Brian Michael Miga, Esq. for the Plaintiffs.

C. Louis Abelove, Esq. for the Defendants.

Robert F. Julian, J.

DISCUSSION:

The Facts

This decision is rendered after a bench trial.

Plaintiff Cathy Wilson's husband was severely injured in 2002, resulting in a wheelchair confining paralysis that requires ongoing total care. While her husband was hospitalized with this injury, Mrs. Wilson consulted D. Victor Pellegrino, Esq., a Utica attorney who has a special interest in tax and estate planning. At the time of the injury, the Wilsons' assets were a home in Marcy, a retail flower business in Whitestown including a commercial structure, and cash in various investment vehicles. Mr. Pellegrino was retained by Mrs. Wilson and was ultimately paid between $7,500 and $10,000 by Mrs. Wilson for his services. Mr. Pellegrino recommended the creation of the Plaintiff' irrevocable trust which acquired ownership of the business property. Because the Wilsons' cash would be consumed by Mr. Wilson's medical and rehabilitative needs, the attorney advised Mrs. Wilson that prior to applying to Oneida County (the County) for government benefits including Medicaid, they should spend the $130,000 for the purpose of remodeling their home and business structures to accommodate Mr. Wilson's quadraparetic condition.

Mr. Pellegrino recommended his client, Dave Constable, the owner of Dave Constable Home Improvement Specialists, Inc., (Defendants) as a reputable contractor with experience in handicapped accessibility remodeling. Mr. Pellegrino arranged to have Mrs. Wilson meet Mr. Constable at his law office. After an initial meeting, Mrs. Wilson and Mr. Constable met again with Mr. Pellegrino with some frequency, and two contracts were prepared by the lawyer, one which set forth the terms and conditions for the remodeling of the home and one which set forth the terms and conditions for the remodeling of the business. Mr. Pellegrino advised both parties that each was his client and that he could only represent both sides if they were amicable. The attorney billed Mr. Constable for their conferences, but did not advise Mrs. Wilson of that fact. [*2]Mrs. Wilson paid Mr. Constable $130,000 after the contract was signed, and he deposited approximately $70,000 in the business account owned by his corporation and $60,000 was deposited in his personal checking account.

It is undisputed that the contracts failed to comply with the applicable requirements of the General Business Law. Mr. Pellegrino testified that the objective was to transfer the Wilsons' funds out of their possession irrevocably, thus the contracts did not contain provisions for the usual installment payments based upon construction milestones. The objective was to persuade the Oneida County Officials who were to receive the Wilson application for medicaid benefits that the money transferred to the Defendant Corporation and to Mr. Constable was not an available resource. Based on this plan, Mr. Pellegrino justified the absence of the protections required pursuant to §771 (e) (f) of the General Business Law, as well as those one might expect consistent with usual custom and practice in a comparable circumstance.
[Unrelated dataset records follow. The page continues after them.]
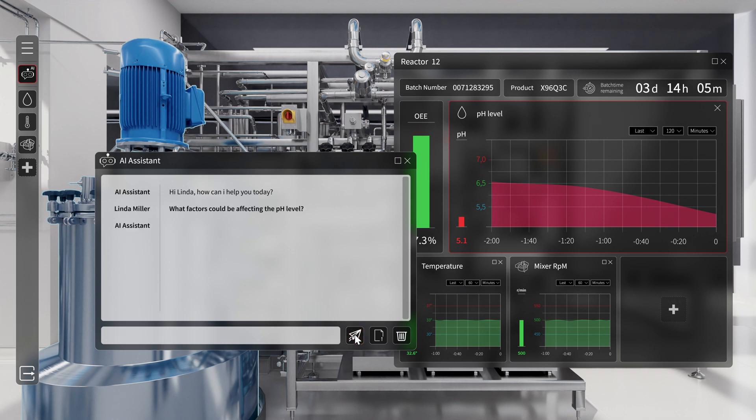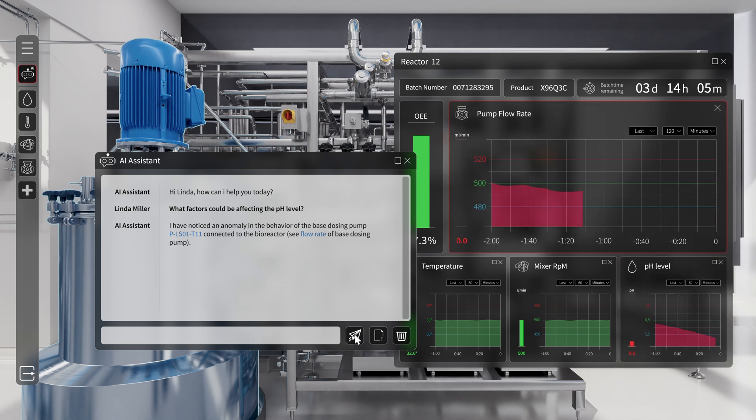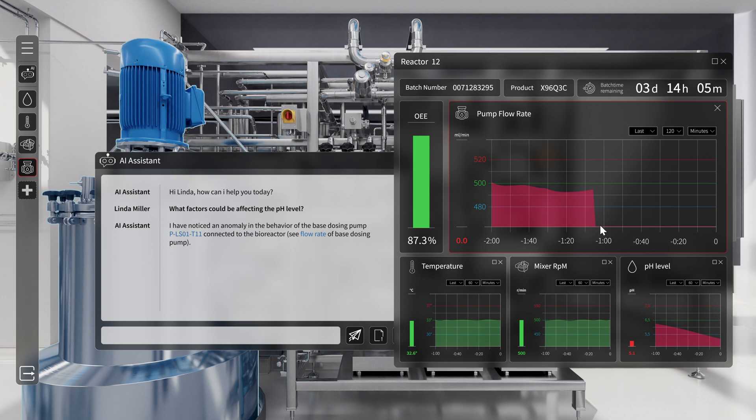The AI reacts immediately. A diagram shows the flow rate of the base dosing pump. It has dropped to zero.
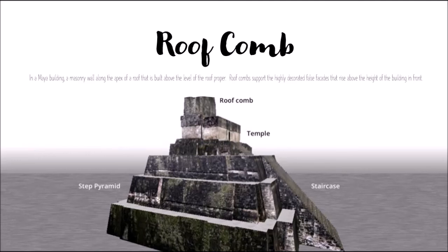Our final word for today, from the Mayan culture, is roof comb. A roof comb is found in a Mayan building — it's a masonry wall along the apex of a roof that is built above the level of the roof proper, that is the temple. Roof combs support the highly decorated false facades that rise above the height of the building in front. I would recommend that you look at many of the Mayan temple ruins and identify the roof comb.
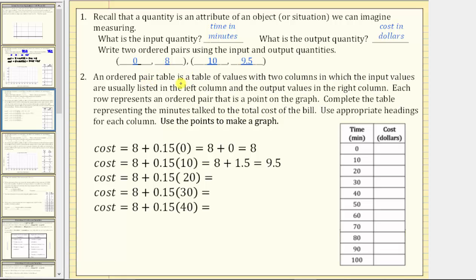An ordered pair table has two columns where input values are listed in the left column and output values in the right column. Each row represents an ordered pair that is a point on the graph. The table is titled with columns for time in minutes and cost in dollars. The first two rows from our ordered pairs: when time is zero, cost is $8; when time is 10 minutes, cost is $9.50.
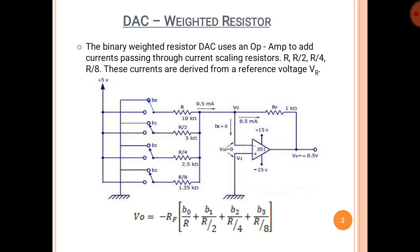Let us assume the value of R as 10kΩ. Therefore, R/2 will be 5kΩ, R/4 will be 2.5kΩ, and R/8 will be 1.25kΩ. The digital inputs are B0, B1, B2, and B3, where B0 is the least significant bit and B3 is the most significant bit.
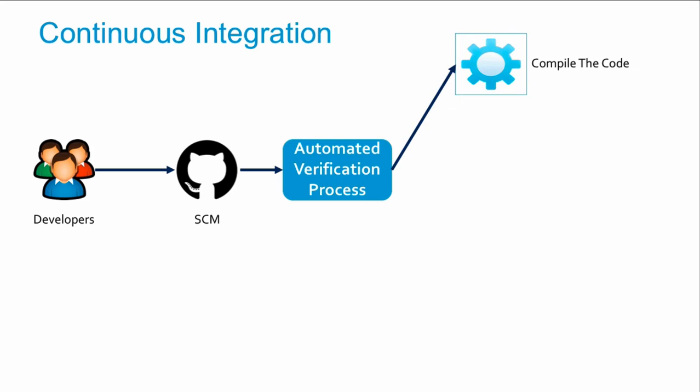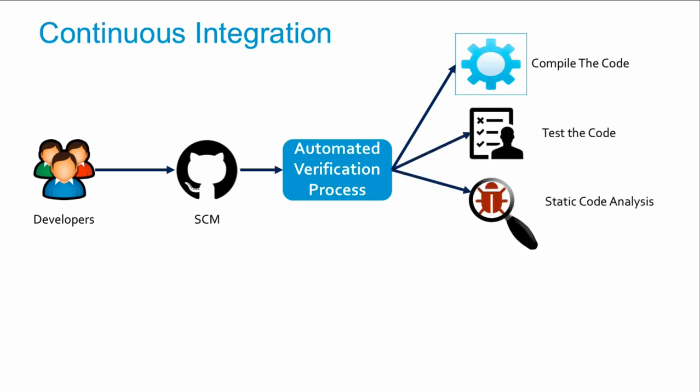It compiles the code, executes test cases against the code, and performs static code analysis using SonarCube by checking the source code and reporting how many blockers, errors, and warnings exist.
The contracts were signed May 21, 2002 and provide for work to commence on June 1, 2002. Each contract requires completion of work by June 30, 2002. At the time of signing neither contract contained any details regarding the work to be performed or the materials to be provided. Both contracts declare that time is of the essence. Mr. Constable, Mrs. Wilson, and Mr. Pellegrino all acknowledge that while executing the contracts they agreed that the completion date in both contracts was unrealistic and could not be met. It was undisputed that Mr. Constable asked for and received verbal consent from the Plaintiff to extend the completion date for both projects.

Days after the contracts were signed a separate Schedule A, which contained a breakdown of some contract details including some of the materials to be provided, and costs, was provided by the Defendant to be attached to the contracts. The Plaintiff asserts that a Schedule B was also to be provided, which was to give a specific detailed breakdown of labor and materials. A Schedule B was never generated by the Defendant or Mr. Pellegrino. Schedule A as attached to both contracts does not provide the detail contemplated by GBL §771 1.(c).

With regard to the house, Schedule A was updated and supplemented several times. Both contracts call for contract change orders to be signed by both parties, but none were. Neither contract requires a periodic accounting of work in progress including time and money expended therefore and materials and money expended thereon. The Plaintiff asserts that an engineer was to be hired as part of Schedule A. The Defendant disputes this contention and maintains that while an engineer may have been necessary to provide as built plans for town approval, this was an extra cost not contained within the original $60,000 contract price for the work to be performed at the business.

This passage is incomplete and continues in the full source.